Berlins Justizsenator Heilmann: Offen für offenen Vollzug

Eine Untersuchung von Berlins Justizsenator Thomas Heilmann zeigt: Häftlinge missbrauchen Freigang höchst selten. Vor einem Jahr hatten Staatsanwälte allerdings noch eine härtere Gangart gefordert.

Trotz der verbreiteten Vorbehalte gegen den offenen Strafvollzug stellt dieser kein Sicherheitsrisiko dar. Das hat eine Untersuchung der Senatsjustizverwaltung ergeben, die Justizsenator Thomas Heilmann (CDU) am Mittwoch vorstellte. Innerhalb von acht Jahren zwischen 2005 und 2012 habe es bei 9300 Gefangenen im offenen Vollzug in 20 Fällen den Verdacht einer schweren Tat während des Ausganges gegeben, sagte Heilmann. In neun Fällen habe sich der Verdacht erhärtet, es gab Verurteilungen. Die Quote von missbrauchten Lockerungen lag im Jahr 2012 bei 0,06 Prozent.

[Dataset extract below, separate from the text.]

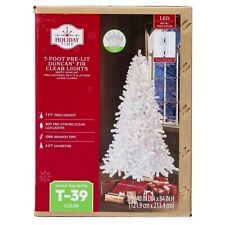 7 FT DUNCAN FIR WHITE CHRISTMAS TREE / 1066 TIPS & 400 LED LIGHTS / METAL STAND picture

Im offenen Vollzug müssen die Gefangenen mindestens acht Stunden am Tag in der Anstalt sein, Ausgänge gibt es aber nur, wenn sie draußen einen Job haben. Der offene Vollzug gilt als wichtige Praxis zur Resozialisierung. Heilmann sagte, dies sei „keine liberale Verirrung“, sondern ein „erfolgreiches Konzept“, an dem er festhalte. In Berlin werden rund 30 Prozent der Gefangenen im offenen Vollzug untergebracht. Insgesamt gibt es rund 900 dauerhaft belegte Plätze. Auch die Opposition ist zufrieden. Rechtsexperte Klaus Lederer (Linke) sagt: „Die Evaluation räumt mit Mythen auf, die der Resozialisierung im Weg stehen.“ Ähnlich äußert sich der Rechtsexperte der Grünen, Dirk Behrendt. Die CDU teilt mit, sie nehme die Studienergebnisse „mit Erleichterung“ zur Kenntnis.

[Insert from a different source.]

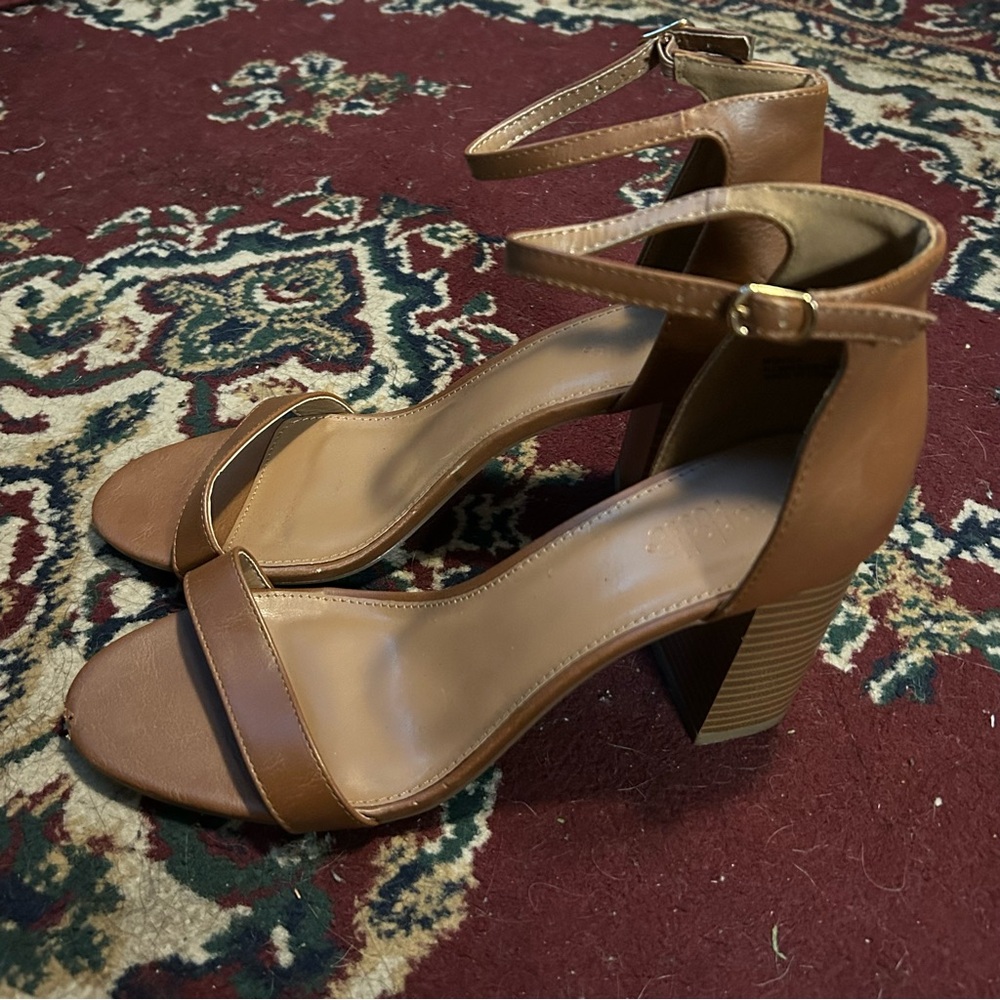 Tan Strappy Block Heels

Die Vereinigung Berliner Staatsanwälte hatte vor einem Jahr öffentlich kritisiert, dass in Berlin zu viele Täter in den offenen Vollzug kämen. In einigen Fällen sollen Männer davon profitiert haben, die der Bandenkriminalität zugerechnet werden und während ihres Freiganges womöglich Kriminellem nachgegangen seien. Dies träfe nach der Auswertung von 174 Täterakten nicht zu, sagte Heilmann. Auch der Verein der leitenden Mitarbeiter des Berliner Justizvollzuges erklärte sinngemäß: Auch die „harten Jungs“ hätten ein Recht auf offenen Vollzug, wenn dies angebracht sei.

Und nur wenige würden rückfällig: Von den neun Männern, die zwischen 2005 und 2012 erneut straffällig wurden, waren nur drei zuvor zu mehr als vier Jahren Haft verurteilt worden. Dennoch schlägt der Justizsenator vor, Beauftragte für Organisierte Kriminalität (OK) in den Haftanstalten einzusetzen, um zu verhindern, dass Männer im offenen Vollzug im Drogenhandel oder der Rockerszene aktiv bleiben.

Darüber hinaus soll die Gnadenpraxis geändert werden. Bislang haben Gnadengesuche gleich nach einer Verurteilung hemmende Wirkung, dass heißt bis über den Antrag entschieden worden ist, muss der Verurteilte die Haft nicht antreten. Oft dauert dies zwei, drei Monate. Diese Regelung solle geändert werden, was bedeuten könnte, dass der Haftantritt nur dann verschoben wird, wenn der Verurteilte schwer krank ist. Die Vorschläge – OK-Beauftragte und neue Gnadenpraxis – wurden noch am Mittwoch im Rechtsausschuss des Abgeordnetenhauses besprochen. Das Parlament muss über sie abstimmen.

In Berlin kommen Verurteilte schnell in den offenen Vollzug, wenn sie selbstständig zum Haftantritt kommen. Für Mörder etwa gilt das nicht, denn sie sitzen bei ihrer Verurteilung in Untersuchungshaft, aus der sie in den üblichen Vollzug verlegt werden.